Personal Safety out and about

The chances of you or a member of your family becoming a victim of violent crime are low. However, you can make yourself even less likely to be the victim of a violent crime by taking a few sensible precautions.

  • You will be safest in bright, well lit and busy areas.
  • Try to look and act confident - look like you know where you are going and walk tall.
  • If someone tries to take something from you, it may be better to let them take it rather than get into a confrontation and risk injury.
  • You can use reasonable force in self-defence. You are allowed to protect yourself with something you are carrying anyway (for example, keys or a can or deodorant), but you may not carry a weapon.
  • If you decide to defend yourself, be aware that your attacker may be stronger than you, or may take what you are using in self defence and use it against you. It is often better to shout loudly and run away.
  • Shout 'fire' rather than 'help' - it can get more results.
  • Try not to be conspicuous about the valuables you are carrying. Talking on your mobile phone, carrying a laptop or showing your friend your new gold ring all show thieves that you are worth robbing.
  • When you walking or jogging, you should not listen to a personal stereo through head phones, so you can stay more alert to your surroundings.

Personal Safety - theft and robbery

  • Carry your bag close to you with the clasp facing inwards. Keep it zipped up and make sure your wallet or purse can't be seen.
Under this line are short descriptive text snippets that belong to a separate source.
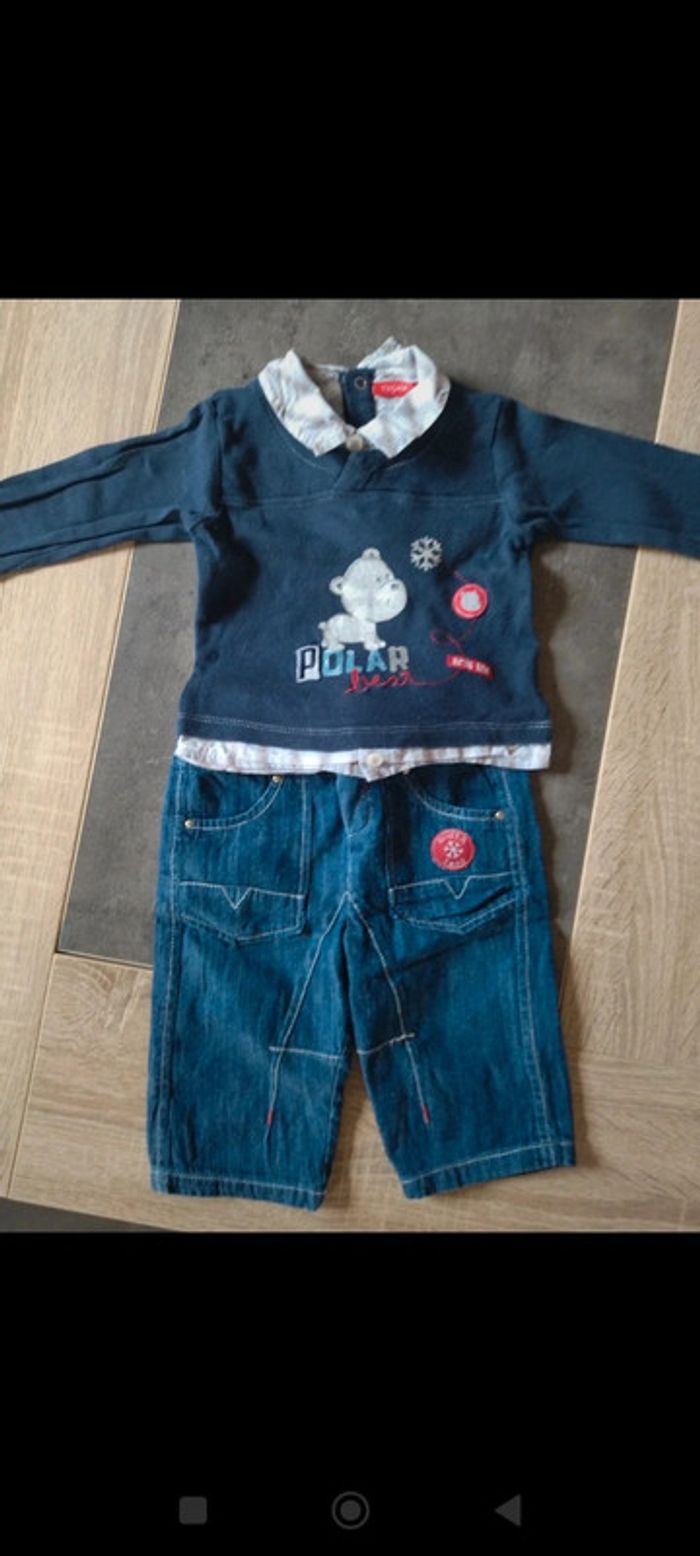 Ensemble 12 mois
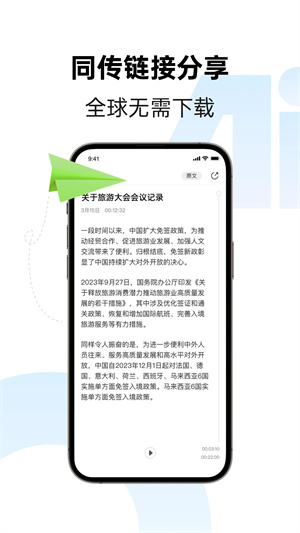 讯飞听见字幕app下载 第1张图片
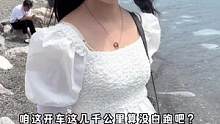 这种感觉无法用语言表达 真心洗涤了我们的心灵 值得推荐 #赛里木湖 #大美新疆 #一起享受大自然的美
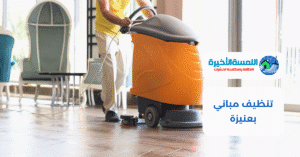 تنظيف مباني بعنيزة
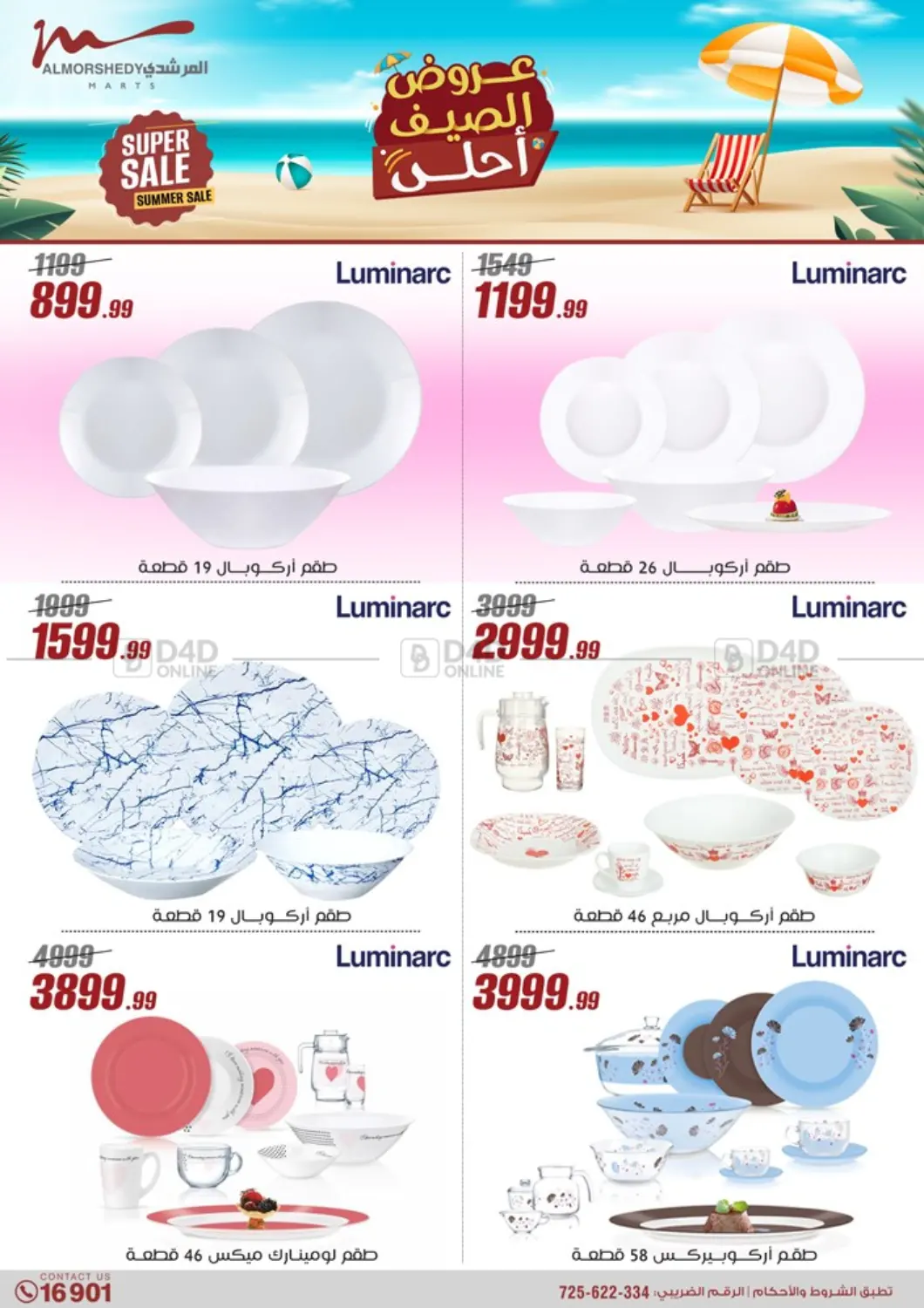 صفحة رقم 24 من 50% Off Summer Sale في المرشدي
Don't carry large amounts of cash.
  • Spread your possessions about - for example, keep your mobile phone separate from your purse and your keys separate from your credit cards.
  • Cover up any expensive jewellery and, if you must carry other valuables, be discreet.
  • Think about your route, especially if you're going to be on your own or carrying lots of shopping bags.

Vehicle crime

Nationally, vehicle crime has fallen by over 30% during the last five years. However, there are still more than two million vehicle related thefts each year and many of them could be prevented.

  • Never leave keys in the ignition - not even when you are paying for petrol.
  • Don't leave anything on display
  • Fit an alarm or immobiliser
  • Take care where you park your vehicle, avoid poorly lit and deserted areas. Try and find an area that is covered by CCTV cameras.

Business crime

Reducing the risk of business crime will help protect your profits and make sure that people who work with you are safe.

  • Avoid working alone. Get your more experienced staff to work with inexperienced and more vulnerable staff.
  • Do not keep large amounts of money in your till. Leave tills open and empty overnight. Vary your routine when going to the bank.
  • Make it easy to see and be seen. Keep shelves low enough for staff to see what shoppers are doing. Use mirrors to reduce blind spots.
  • Prevent fraud by routinely checking credit and debit cards in line with guidance from card issuers. Check bank notes for forgery.